Ahhh, I get it. I think I see what's going on here.

Reminds me of a quote.

*Fascism should rightly be called Corporatism, as it is the merger of corporate and government power.--Benito Mussolini*


----------



## mosesbotbol (Sep 21, 2005)

It's one thing to educate people on the dangers of smoking (which I am for), but making laws to ban it I do not agree with.


----------



## TripleF (May 16, 2007)

mosesbotbol said:


> It's one thing to educate people on the dangers of smoking (which I am for), but making laws to ban it I do not agree with.


I wholeheartedly agree!!

Seems America is forgetting WHY America is America. We were founded because of too many laws that strangled the free man.

Be sure to volunteer to fight these laws, if you are given the opportunity.


----------



## muziq (Mar 14, 2005)

Based on that story, it would appear most if not all of that money will be directed at 3rd world countries, and aimed at abating cigarette smoking. :cb


----------



## leasingthisspace (Jun 9, 2008)

I guess I am going to have donate billions to promote smoking. 




Now all I need is the billions. Anyone know where I can find a few billions just laying around.


----------



## mugen910 (May 14, 2008)

That is why I stopped listening/reading the news!


----------



## Emjaysmash (May 29, 2008)

leasingthisspace said:


> I guess I am going to have donate billions to promote smoking.
> 
> Now all I need is the billions. Anyone know where I can find a few billions just laying around.


Start a huge corporation, then go bankrupt. The gov't's got a couple billion lying around to bail you out.

...sounds easy enough to me...


----------



## leasingthisspace (Jun 9, 2008)

Emjaysmash said:


> Start a huge corporation, then go bankrupt. The gov't's got a couple billion lying around to bail you out.
> 
> ...sounds easy enough to me...


You know I was thinking that........ the wheels are turning now.


----------



## macjoe53 (Jul 8, 2007)

If it would do any good I would dump any stock that I held in their companies but since I don't own any of their stock it doesn't matter anyway. 

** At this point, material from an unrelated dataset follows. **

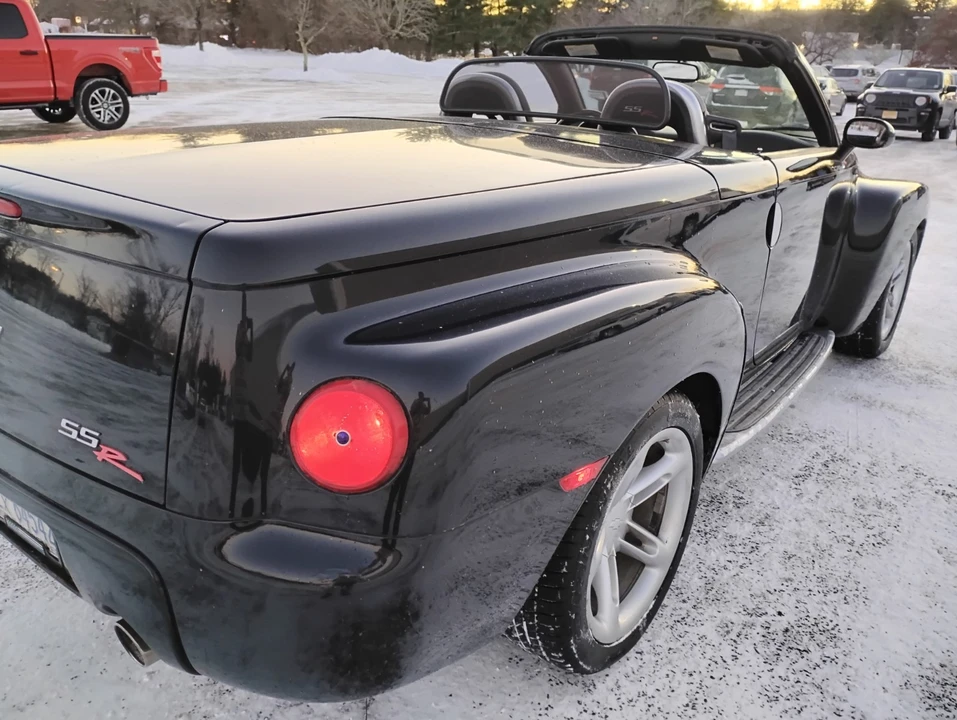 2004 Chevrolet SSR - Image 7 of 12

As for Bill "I have so much money I don't know how to throw it away" Gates, I don't even buy his products. I'm a Mac user.:r


----------



## TheTraveler (Aug 20, 2008)

Oh, thank God! Thank God!!! I've been needing someone to tell me what to do with my smoking urges!

Now if I could just find someone to help me with my urges to throttle those that tell me what to do based on their own personal beliefs!

What a load of :BS !


----------